[Brief descriptive captions]
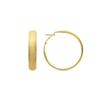 Luxenter and 18k Gold Plated Earrings - Hewry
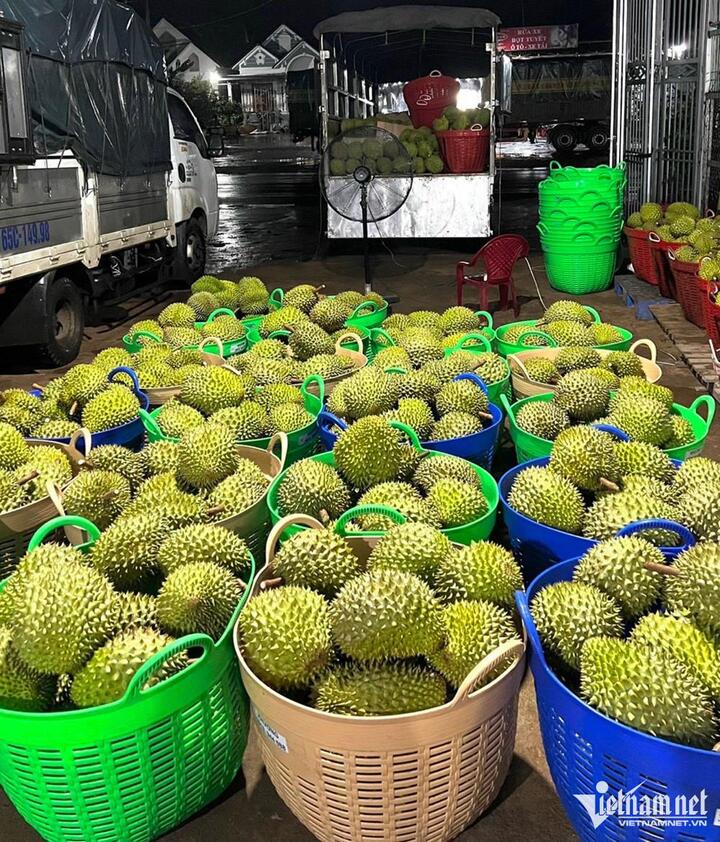 Thương lái ráo riết gom hàng đưa sang Trung Quốc, giá sầu riêng cao kỷ lục - 1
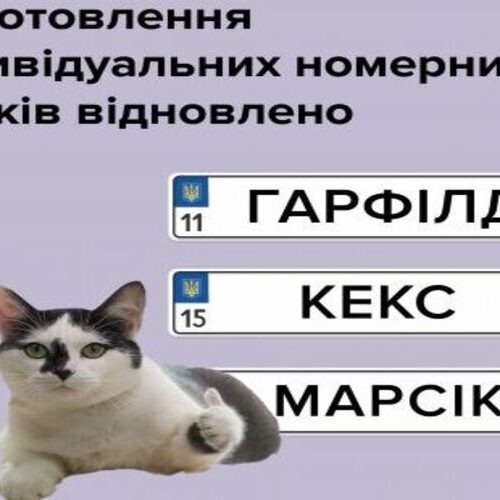 Українським водіям знову доступні індивідуальні номерні знаки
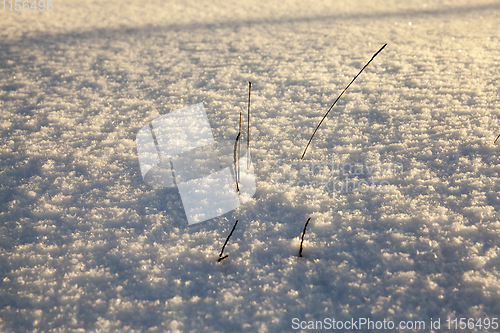 Image of Snow drifts in winter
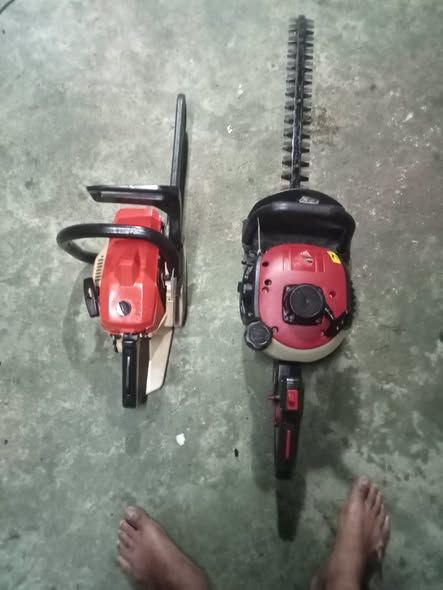 Chainsaw and Pruning Saw 3800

— Task to carry out —
Could you output all of the entries above exactly? Leave the pictures out.

— Task response —
 Luxenter and 18k Gold Plated Earrings - Hewry
 Thương lái ráo riết gom hàng đưa sang Trung Quốc, giá sầu riêng cao kỷ lục - 1
 Українським водіям знову доступні індивідуальні номерні знаки
 Image of Snow drifts in winter
 Chainsaw and Pruning Saw 3800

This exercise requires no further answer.